News | 2003年5月8日 00:13 AM 更新 |
ニューオーリンズで開催中のWinHEC 2003会場近くで、Transmetaは記者向けのブリーフィングを開催している。同社はこのWinHECに合わせ、次世代のSmart Displayのリファレンスデザイン開発に向けたパートナー企業のメンバーになったというプレスリリースを発行。次世代Smart Displayでは、Crusoeプロセッサを搭載したリファレンスモデルが開発されるという。
同社によると、次世代Smart Displayのリファレンスデザインで採用されるCrusoeは、0.13ミクロンプロセスのTM5800。製造プロセスがこなれており、十分に高い消費電力/パワー比を実現できるためという。またSmart Displayのために、TM5800のデザインを90ナノメートル世代に縮小する計画も持っていないという。
Smart Display向けにはMIPSやARMなどの、組込用RISCプロセッサの方がフィットするのではないか?との質問に対しTransmeta担当者は「次世代Smart DisplayではMPEG-2/4あるいはWindows Media 9 Seriesといった、DVDクオリティの高品質ビデオもサポートされる。確かにRISCベンダーたちはシステム回路を統合したチップを持っており、われわれは持っていない。しかし、次世代Smart Displayに要求される高品質の処理を行いながら、さらに性能的な余裕を持てるのはわれわれの方。われわれの製品は300MHzから1GHzまでスケールし、よりフレキシブルなアプリケーションの開発が行えるようになる」と答えた。

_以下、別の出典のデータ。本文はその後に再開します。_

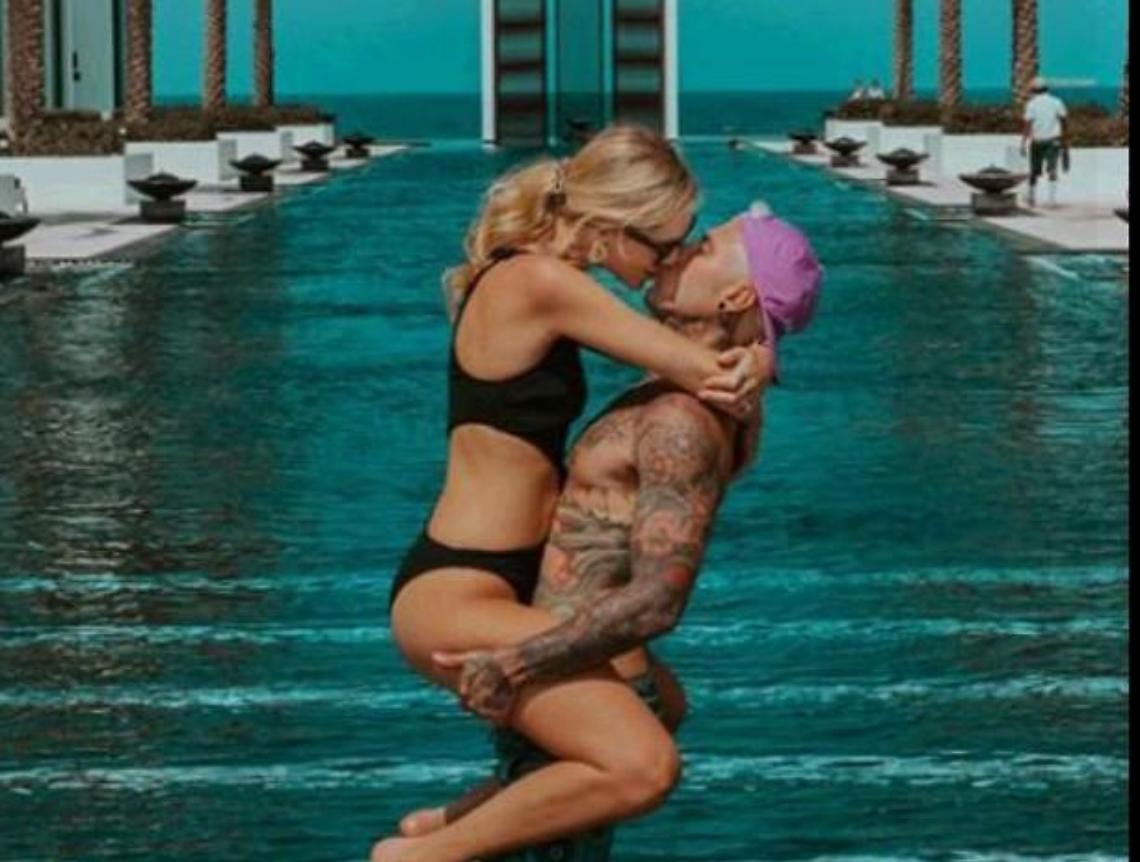 Chiara e Fedez in Oman: l'influencer tra pose hot e attacchi di... tosse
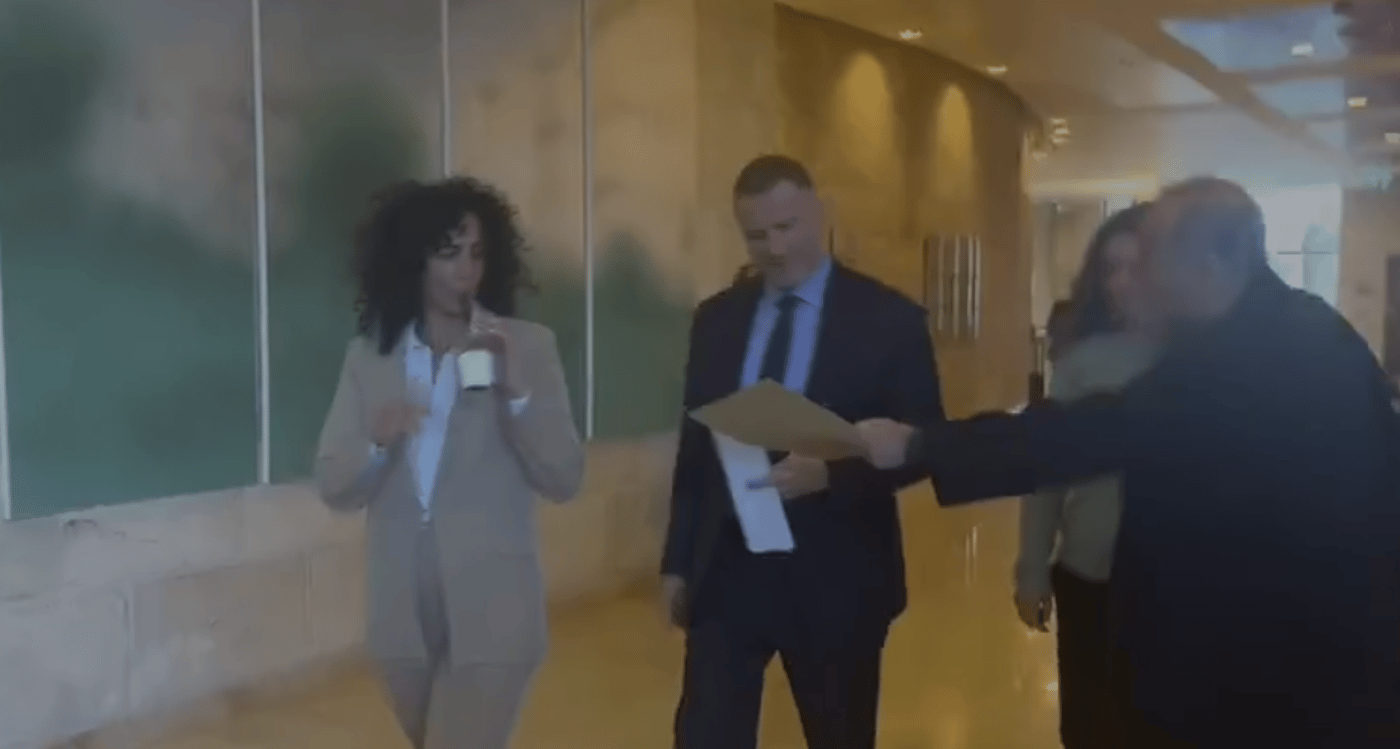יולי אדלשטיין לדוד הנרצחת מנובה: "עוף לי מהעיניים"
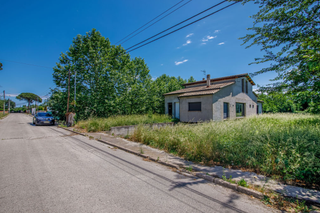 Casa  Llac del cigne. Vivienda en construcción situada en caldes de malavella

一方、このところの定番となっているTM8000のデモも行われた。デモシステムの外観は以前と全く同じものだったが、実装されているチップは以前よりも新しい製造プロセスを採用したものだという。パフォーマンスや消費電力を含め、新たに明らかにされた公式情報はなかったが、非公式ながら以下のことが今回、判明している。

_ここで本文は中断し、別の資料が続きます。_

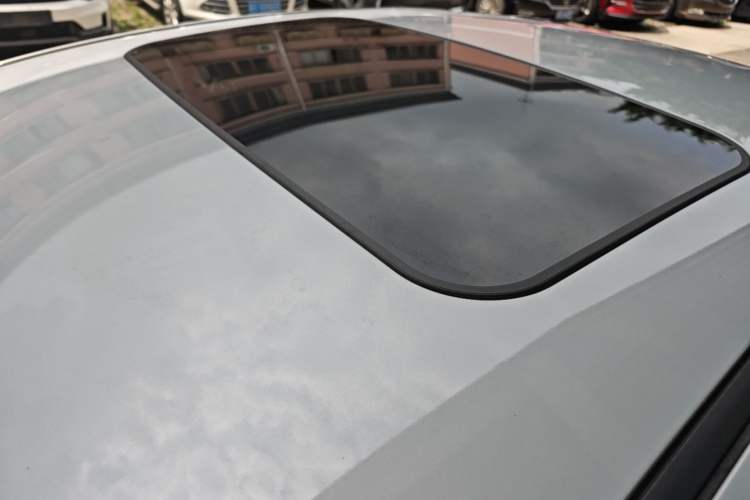 Used Geely Auto Emgrand L HiP 2022 1.5TD-DHT Pro 100KM Super Rui Roof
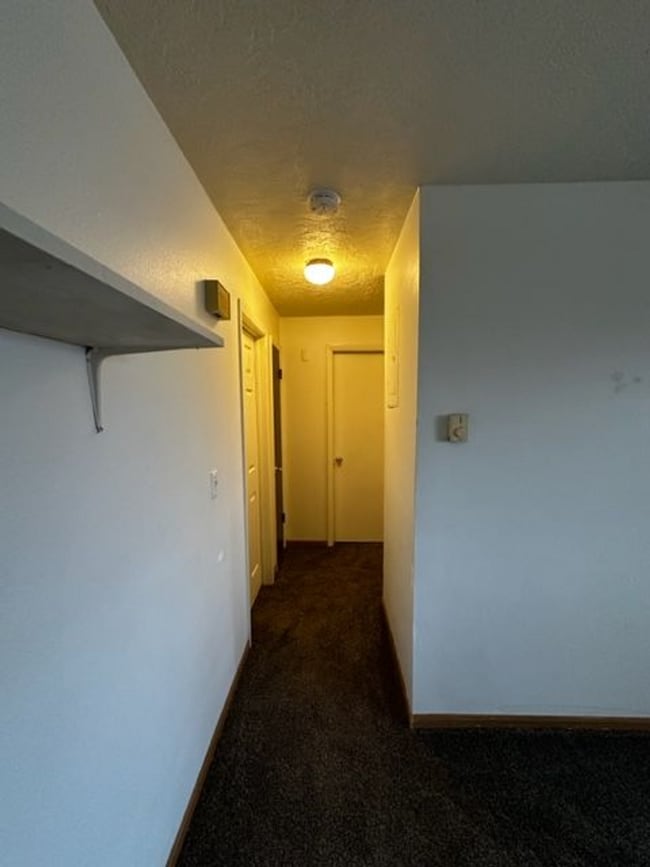 Building Photo - 3724 Billings Dr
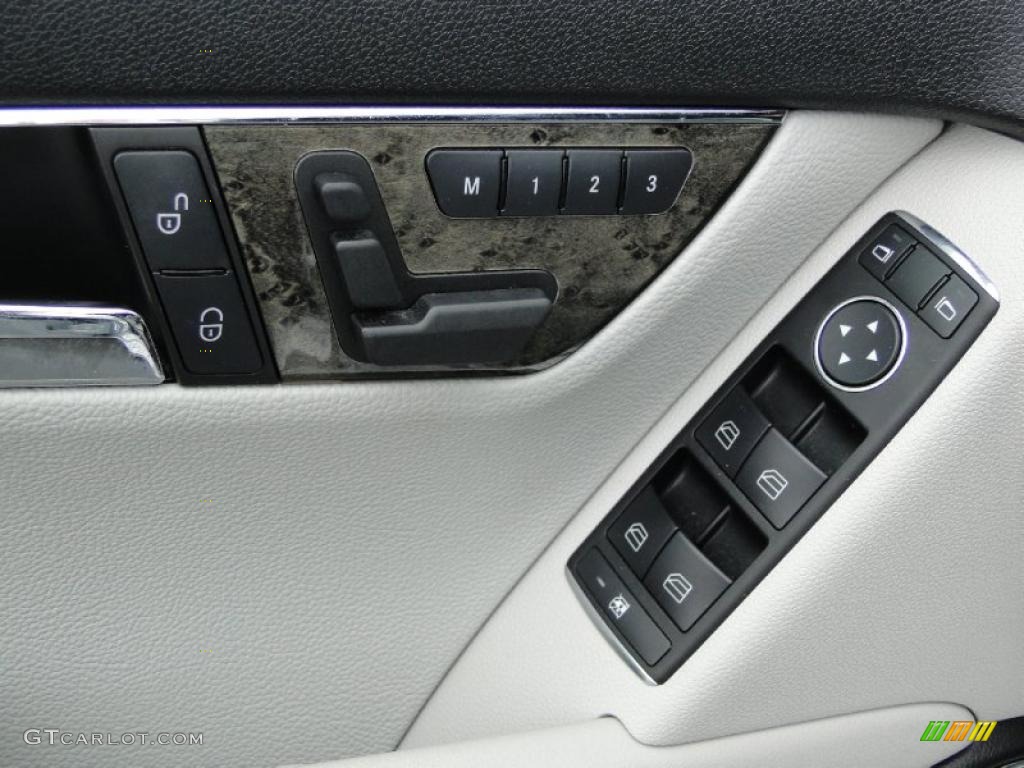 2009 Mercedes-Benz C 350 Sport Controls Photo #47337622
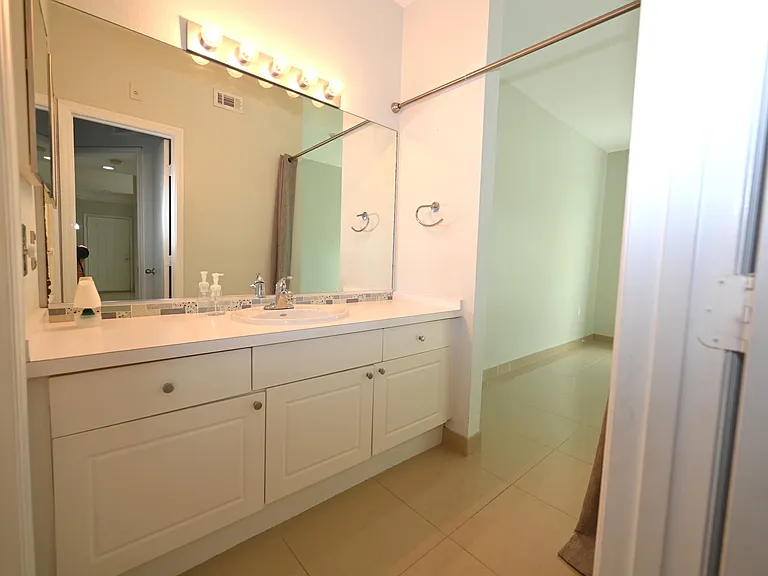 5110 Northridge Rd #202 — Photo 15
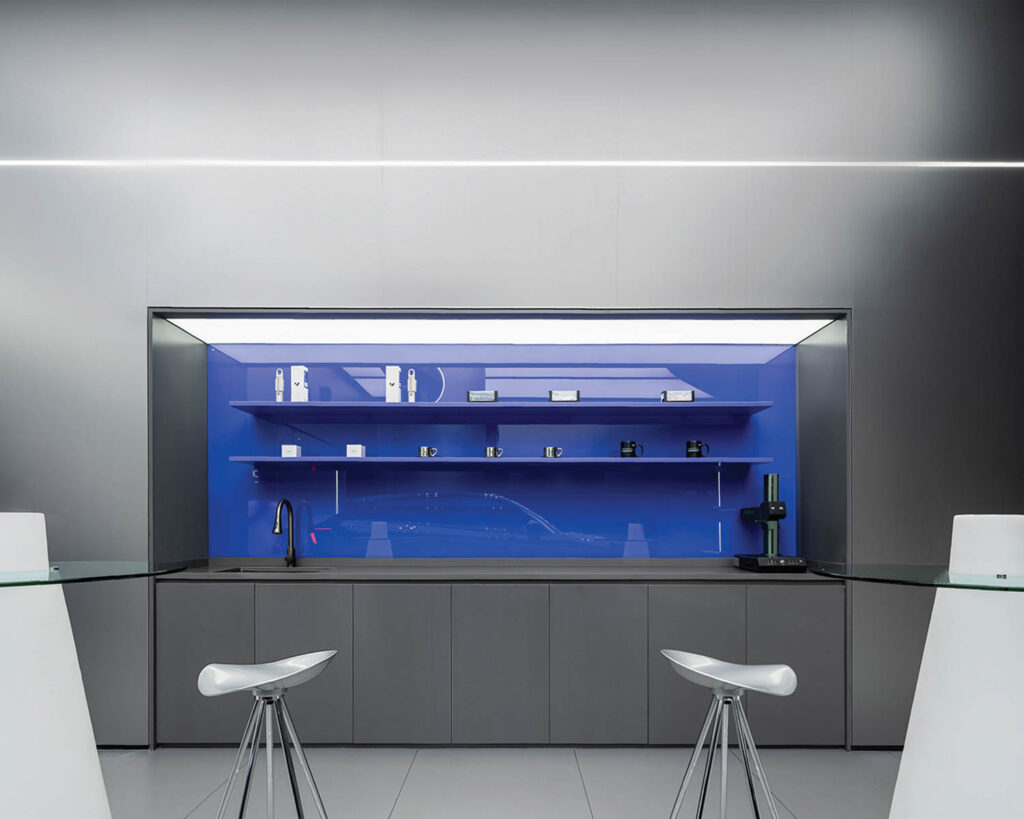 光池墙旁两块灰凳并装有架子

デモシステムのクロック周波数は1.06GHz。最終製品ではより高いクロック周波数になるとのことだが、過去に行われたモバイルPentium 4-M/2.4GHzとの比較デモ(TM8000の方が高速に動作する)も、同様のクロック周波数で行われた可能性が高い。またデモシステムのメインメモリは480Mバイトと表示されることから、32MバイトのCMSキャッシュが割り当てられているようだ。
またTM8000のTDPに関しては「まだ公表できる段階ではない」(マーケティングディレクタのMichael DeNeffe氏)とのことだが、従来の7ワットTDP(1GHz版は10ワット)程度の製品から25ワットレベルまでの製品を技術的には提供できるという。実際に、どのようなTDP枠を設定するかについては言及しなかった。
TM8000の出荷時期についてDeNeffe氏は「9月になる。すでに何社かのパートナーが開発を行っており、第3四半期にはTM8000を搭載する最終製品が日本と台湾のベンダーからリリースされる見込み」という。フォームファクタに関しても、小型PCから通常の2スピンドル、3スピンドルクラスに至るまで、さまざまなタイプが計画に上っているとか。
日本のいくつかのベンダーは、Crusoe搭載機の後継機種を予定していないが?との質問に対してTransmeta広報担当者は「確かにいくつかのOEM先はインテルにスイッチするが、われわれとのパートナー関係がなくなったわけではない。時期は言えないが、共同でTM8000ベースの新しいデザインに取り組んでおり、いずれは市場に投入されるだろう」と楽観的な見通しを語った。